A Monte-Carlo-based Latent Factor Modeling Approach with Time-Varying Volatility for Value-at-Risk Estimation

Abstract

The normal probability distribution assumption, to model price changes in Finance, belongs to the largest imperfections in the Value-at-Risk (VaR) estimation. In fact, the financial returns are rather distributed leptokurtic than normally and the empirical distributions are often skewed. In these cases, the normal distribution assumption results in over or underestimation of VaR especially when the quantiles are very high/low. Therefore, it is necessary to put emphasis on respecting the leptokurtic and skewed return distribution. In this paper, we propose a new approach for portfolio VaR estimation, which combines the standard latent factor model with the generalized quadratic autoregressive conditionally heteroskedastic model (GQARCH).
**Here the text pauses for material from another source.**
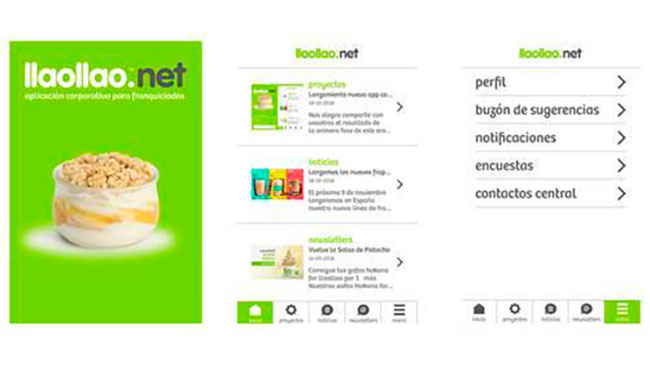 Imagen de la nueva app corporativa de llaollao.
This new “hybrid” specification provides an alternative, compact, model to handle co-movements, heteroskedasticity and intra-frame correlations in financial data. For maximum likelihood estimation we have used an iterative approach based on an extended version of the Kalman filter algorithm combined with the Expectation Maximization (EM) algorithm. Using a set of historical data, from the Tunisian foreign exchange market, the model parameters are estimated. Then, the fitted model combined with a modified Monte-Carlo simulation algorithm was used to predict the VaR of the Tunisian public debt portfolio. Through a Backtesting analysis, we found that this new specification produces far more accurate forecasts for the VaR compared to the mixture of factor analyzers and other competing approaches.